Crítico de cinema e colunista de cultura de A Gazeta

Hollywood lida com o #metoo à sua maneira: capitalizando

Filmes e séries sobre assédio mostram como a indústria lida com seus monstros no armário

Publicado em 18/01/2020 às 04h58
Atualizado em 18/01/2020 às 04h58
The Morning Show. Crédito: AppleTV/Divulgação
The Morning Show. Crédito: AppleTV/Divulgação

Em outubro de 2017, quando a atriz Alyssa Milano, em meio às acusações de agressão sexual contra o poderoso produtor Harvey Weinstein, convocou mulheres a escrever “me too” (“eu também”) em suas redes sociais se já tivessem sofrido assédio, ela resgatou o movimento iniciado em 2006 pela ativista Tarana Burke e o levou a outro patamar, como diria o Bruno Henrique (desculpem, não consigo resistir).
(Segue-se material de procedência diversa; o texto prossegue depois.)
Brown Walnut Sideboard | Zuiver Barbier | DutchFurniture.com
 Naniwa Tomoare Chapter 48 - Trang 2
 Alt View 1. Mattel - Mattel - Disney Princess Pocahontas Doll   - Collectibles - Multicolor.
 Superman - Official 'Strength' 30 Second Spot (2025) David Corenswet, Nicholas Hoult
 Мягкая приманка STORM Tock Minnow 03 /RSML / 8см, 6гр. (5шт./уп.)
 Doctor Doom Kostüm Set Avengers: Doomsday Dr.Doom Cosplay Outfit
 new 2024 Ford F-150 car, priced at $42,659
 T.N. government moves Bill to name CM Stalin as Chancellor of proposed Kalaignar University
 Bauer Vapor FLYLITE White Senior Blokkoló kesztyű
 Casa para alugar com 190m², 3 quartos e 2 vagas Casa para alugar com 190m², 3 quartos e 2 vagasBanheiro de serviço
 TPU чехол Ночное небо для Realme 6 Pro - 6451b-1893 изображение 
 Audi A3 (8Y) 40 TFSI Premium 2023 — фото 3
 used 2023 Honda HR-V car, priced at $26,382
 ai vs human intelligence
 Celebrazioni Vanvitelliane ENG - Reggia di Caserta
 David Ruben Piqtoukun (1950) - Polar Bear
O movimento logo saiu do espectro de Harvey Weinstein - que recebeu mais de 90 denúncias - e alcançou números exorbitantes: segundo o site “Vox”, desde abril de 2017, 263 empresários, políticos e celebridades foram acusados de algum tipo de conduta sexual inadequada.

Outros nomes fortes em Hollywood caíram. Kevin Spacey, Bryan Singer, Jeffrey Tambor, Louis C. K., Asia Argento etc.. O #MeToo mexeu profundamente nas estruturas da sociedade americana.

 Crédito: Paris Filmes/Divulgação
Crédito: Paris Filmes/Divulgação

Como sempre acontece nesses casos, a indústria cinematográfica dá um jeito de controlar a narrativa e agora os primeiros produtos relevantes sobre o movimento começam a ganhar destaque. “O Escândalo”, indicado a três Oscar (mais sobre o filme na página 52), e a minissérie “The Loudest Voice”, do Showtime, falam sobre o escândalo da Fox News, cada uma à sua maneira.

A série, protagonizada por Russell Crowe e Naomi Watts, tem seu foco em Roger Ailes e todas as atrocidades cometidas por ele - por mais que funcione, o roteiro passa muito tempo falando sobre Roger, sua carreira política (foi conselheiro de todos os presidentes republicanos), sua influência na mídia… É mais uma história sobre ele do que sobre o caso.

The Morning show

É aí que entra “The Morning Show”, uma das apostas da AppleTV+. A série se baseia em casos reais, mas não leva nenhum deles para a tela. Ela tem início quando um jornal publica acusações de assédio contra Mitch Kessler (Steve Carell), o âncora mais popular da TV americana. A acusação pega todo mundo de surpresa e deixa sua parceira de bancada, Alex Levy (Jennifer Aniston), sem chão. Logo surge uma nova jornalista, Bradley Jackson (Reese Witherspoon), para assumir o posto deixado por Kessler, mas cabe a todos lidar com o caso: seria a emissora parte do problema?.

Com um elenco impecável, “The Morning Show” explora melhor as relações humanas. Mitch, por exemplo, não se vê como um “predador”, não consegue enxergar o que fez de errado. O mérito da série é tratar o assédio não apenas como os atos sexuais, mas mostrar que existe uma relação de poder envolvida, uma permissividade no ambiente, na cultura da empresa.

Steve Carell é ótimo ator, simpático, charmoso e carrega consigo o carisma de papéis em “The Office”, “O Virgem de 40 Anos”, “Meu Malvado Favorito” e por aí vai. Assim, o espectador até se questiona sobre a veracidade das acusações. Como, afinal, um cara tão bacana e adorado por todos no trabalho faria aquilo? “The Morning Show” ainda tem a sacada de mostrar uma relação “normal” dentro do mesmo ambiente e de cravar as diferenças entre os comportamentos.

Vale ressaltar que a série foi criada por uma mulher (Kerry Ehrin), tem uma mulher como produtora executiva (Mimi Ledger), tem sete dos 10 episódios dirigidos por mulheres e que elas também são metade do time de roteiristas. Pode parecer besteira, mas a visão feminina nesses casos é fundamental para entendê-los.